Food. Foooood. F-oooo-dah. As you read that word, what comes to your mind? As you let it settle, even marinate, what do you see?
Do you see a juicy burger (two or three) with crisp lettuce, a shiny red tomato slice, and golden fluffy buns maybe with sesame seeds scattered across the top?
Maybe, your mind cooks up some fried chicken with that satisfying crunch filling your ears as the savory flavors overwhelm your taste buds and your teeth cut into the melt-in-your-mouth meat.
What about pizza? Cheesy, stuffed crust, at least four types of meat, ain’t-no-veggies-on-this-pie, mother-lovin’ pizza.
At this point, you might be thinking about all three, and which one you currently have the easiest access to get and fill your face. And let’s face it, all three of these are available at our fingertips these days with order and delivery apps on our phones.
I know because I love food too, so much food. I could make a list, but they already call it a cookbook. The problem, for me, is that I don’t love the right foods. And, I don’t mean “right” in a cynical way, like “oh, the proverbial ‘they’ say to eat this and not that.” I’m talking scientifically, objectively what is healthy and what is not. I honestly mean that I just don’t eat enough healthy food. Period.
Sure, I justify my eating habits to myself. People who are health-conscious and workout consistently will provide themselves with a “cheat day,” a day where they allow themselves to eat what ever they want in whatever quantity they want. I do the opposite. I go on health benders, eating vast amounts of healthy foods. Sometimes I’ll even do it for a few days. I might think, “this isn’t so bad.” Then, the next time I’m out somewhere, I’ll “treat” myself to a doughnut or ice cream for all my hard work of eating healthy. I blink, and I’m off the wagon, consoling myself and licking my wounds by finding more “comfort foods.” as I reclaim my natural habitat, sinking further into my recliner, my feet raised, my head tilted back. Really, I’m just in a more convenient position to eat mindlessly as I stare at the television, watching someone else’s story, real or fictional.
But, as with any good story, there has to be some conflict, some inciting incident which causes the main character to go on some sort of journey. The best stories have a mixture of external and internal conflicts. My own call to adventure was two-fold.
First, and foremost, my internal conflicts center between my love of food, my complacency, and my age. I’ve always been conscious about my weight, but I always told myself, “you have plenty of time to work out and get healthy.” I saw my friends do it. A friend I worked with, who’s about four years older than me, used to be quite heavyset, a full double-chin and a gut that hung over his belt and pant. Then one day he decided to make a change. I witnessed his transformation. He easily lost at least 100 lbs. Watching him do that, I always thought, “I’ve got time.”

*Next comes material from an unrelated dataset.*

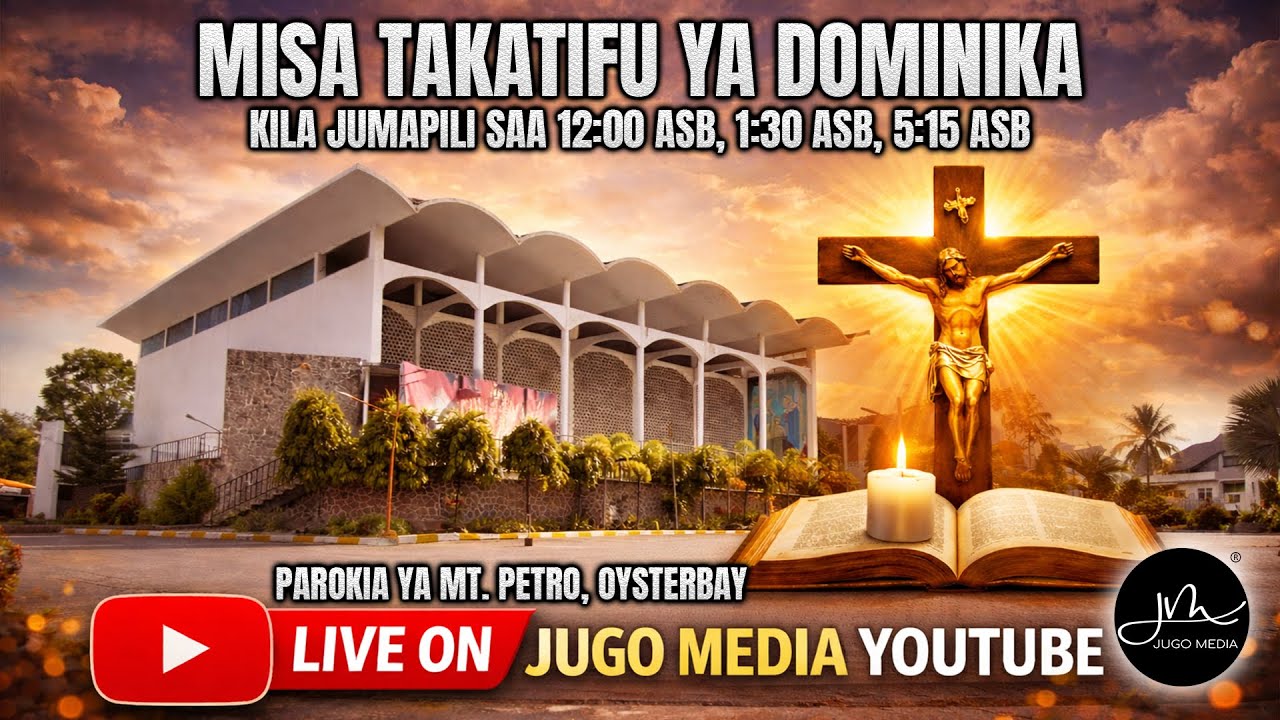 #LIVE: Misa Takatifu ya Kwanza Jumapili 15/02/2026 |St. Peter Osyterbay-DSM, Jimbo Kuu la DSM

Another friend, who always lived life to the excess, always joked, always played sports, basketball, tennis, golf, and yet always negated any healthy activity with unhealthy amounts of food and alcohol. The he died. Even after I went to his funeral, I still thought, “I will get to it.” I promised myself.
Well, now I am 27 years old. I’m two-and-a-half years away from 30. I am the same age as my co-worker was when he started losing weight and changing his lifestyle. And I am about five years away from being the same age as my friend who died of a heart attack.
And now to my second conflict, my external conflict, good ol’ society. Our “fast food nation” propagates the idea that healthy living is for the rich, healthy food is just too expensive for the average Dick and Jane, and healthy foods are not cool or sexy. Have you seen a Hardee’s commercial? What a ruse they have concocted that we, the smartest, most well-informed people living in human history, absolutely know better than to eat all that junk, yet we Americans are the fattest, most unhealthy people living in human history. My students and I were just discussion the importance of staying educated as a well-informed member of society. It’s time I not only utilize that knowledge but spread it too.
So, how do I intend to answer this call to adventure? I’ve got a few different methods. The first is this blog. I want to keep myself accountable. But I am also asking you, dear reader, to help me stay accountable on this journey. I plan to write updates multiple times a week, and, to stay motivated, a community of supporters can only help.
I, also, would like to start a weekly podcast talking about food and health, opening up about my past struggling with my addiction to food, which is what this really boils down to, as much as a part of me or my closest friends and family members may deny it.
My first goal is to complete a 10-day juice fast. Amanda and I juiced when we first got married, but, after watching a Netflix doc, “Fat, Sick, and Nearly Dead” I’ve been sold on trying it again. This time, ten days of no solid foods, just green juices morning, noon, and evening. Joe Cross, the “fat, sick, and nearly dead” guy, went on a 60-day juice fast. I’d like to think I can commit to that. But, I think smaller goals are the way to go at this point.
I’m calling today, September 14th, 2017, “Day Zero.” I will gather all my required materials, and begin juicing tomorrow. Please, join me as the time that I kept putting off year after year has finally arrived. I’m not dieting. This is not temporary. It’s going to take time, and it’s going to evolve into something I have no vision of yet. But I hope we can realize this metamorphosis together.